Tuesday, October 7, 2008

On an Imploding Economy...

Our September brokerage statement arrived today, and at least I was courageous enough to open it. I winced, of course: about a ten percent decline in value for the month, and the carnage this first week of October has been much worse. There is a bottom out there somewhere, but right now not even the savviest pundits have a clue where it might be. Only those who put all of their assets into copper drain pipes and used manhole covers have been spared the pain: there are no safe havens when the very structures of the global marketplace tumble.

How interesting, and sad, that we seem to be without an inspiring leader to offer us a vision of stability, sanity and hope not just in the US, but in the world. Still-president Bush has fallen from "lame duck" to "completely irrelevant" status and clearly is aware of it: he is looking like a broken man to me. McCain and Obama are sniping about incidents in one another's younger lives rather than offering inspiration: perhaps tonight's debate will see one of them demonstrate genuine leadership, but I am not optimistic. There are times where I find myself wondering if this is, in the end, a financial crisis or a leadership crisis.

Something like -what? - thirty percent of the world's wealth has simply vanished in a very short period of time. Sometimes that concept seems absurdly abstract: there is no less "stuff," no fewer useful or beautiful objects, just a loss of confidence in what that stuff is worth in market terms.

Certainly I need to rethink things like plans for retirement, which I had allowed myself to believe was just a few years away (memo to self: the markets are not going to recover that quickly, bonehead!), but the impact on my actual day-to-day life will be modest compared to so many others. The poor, as always, are going to take it on the chin in multiple ways: more expensive goods, vanishing jobs, fewer resource available to the agencies and programs that have supported them, etc. And the highly-leveraged high-rollers are essentially screwed save for the few - and most morally offensive - who have already "gotten theirs" and salted it away.
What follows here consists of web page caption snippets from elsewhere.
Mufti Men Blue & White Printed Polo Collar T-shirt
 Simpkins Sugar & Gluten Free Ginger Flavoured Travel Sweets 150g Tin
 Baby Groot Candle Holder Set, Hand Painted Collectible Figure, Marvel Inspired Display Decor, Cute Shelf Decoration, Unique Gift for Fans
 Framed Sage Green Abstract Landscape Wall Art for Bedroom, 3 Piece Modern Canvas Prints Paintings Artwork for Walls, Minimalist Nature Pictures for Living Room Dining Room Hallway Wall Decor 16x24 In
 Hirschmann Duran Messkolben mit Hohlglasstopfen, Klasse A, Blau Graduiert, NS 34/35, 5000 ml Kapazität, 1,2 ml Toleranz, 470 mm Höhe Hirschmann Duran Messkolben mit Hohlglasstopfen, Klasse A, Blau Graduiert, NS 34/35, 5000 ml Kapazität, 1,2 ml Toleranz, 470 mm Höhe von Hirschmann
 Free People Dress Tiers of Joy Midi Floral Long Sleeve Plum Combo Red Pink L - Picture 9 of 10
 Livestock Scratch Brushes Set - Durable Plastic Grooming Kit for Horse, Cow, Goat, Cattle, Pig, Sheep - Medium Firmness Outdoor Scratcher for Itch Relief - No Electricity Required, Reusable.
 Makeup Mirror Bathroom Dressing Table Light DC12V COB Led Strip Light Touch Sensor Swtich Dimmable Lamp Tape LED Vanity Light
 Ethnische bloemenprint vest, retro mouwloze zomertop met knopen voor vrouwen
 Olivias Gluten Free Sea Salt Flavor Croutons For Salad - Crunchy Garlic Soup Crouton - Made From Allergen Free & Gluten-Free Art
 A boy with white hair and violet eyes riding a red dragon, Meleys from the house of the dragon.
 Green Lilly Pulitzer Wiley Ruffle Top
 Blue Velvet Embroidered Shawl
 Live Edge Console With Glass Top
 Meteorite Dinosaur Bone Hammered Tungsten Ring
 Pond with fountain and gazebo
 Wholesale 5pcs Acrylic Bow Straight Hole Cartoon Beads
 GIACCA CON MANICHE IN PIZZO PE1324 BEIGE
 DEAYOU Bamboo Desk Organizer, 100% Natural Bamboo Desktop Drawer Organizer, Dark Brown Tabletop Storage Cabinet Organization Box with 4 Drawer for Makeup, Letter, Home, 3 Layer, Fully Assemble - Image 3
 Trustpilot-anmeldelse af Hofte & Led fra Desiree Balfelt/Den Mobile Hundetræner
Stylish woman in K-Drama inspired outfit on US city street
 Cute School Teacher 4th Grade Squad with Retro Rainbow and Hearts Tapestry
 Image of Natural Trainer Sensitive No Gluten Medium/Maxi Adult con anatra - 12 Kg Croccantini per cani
The hard-to-pronounce and difficult-to-spell German word for "taking satisfaction in the misfortunes of others" is getting a real workout referring to such folks, but it is an ugly place to take comfort.

Markets do some things extremely well, but they are completely and utterly without compassion: the do not care who gets left out or left behind - the elderly, the poor, the disabled -as they merrily (and, in theory, efficiently) do their thing. Which of course is why markets need to be regulated. Greed and hubris trumped wisdom and compassion, and now the piper has showed up with the bill.

A spiritually mature response to a collapsing economy is to repent of the idolatry that led us to invest entirely too much value in pretty, shiny things and focus on gratitude for the things of true worth than can never be lost or taken from us. Mature, but I am not sure it is going to play well on either Main Street or Wall Street.

5 comments:

JPN said...

Two thoughts/questions on your post:

1) Bush has been terrible, both in response to this crisis and throughout the Presidency, and you mention a leadership crisis, which is proper. The interesting thing is that it goes beyond the Presidency, the only group/person with a lower approval rating than is Pelosi and Congress, hovering around 9-14% according to the stats I've found. Again, it goes WAY beyond the Commander in Chief.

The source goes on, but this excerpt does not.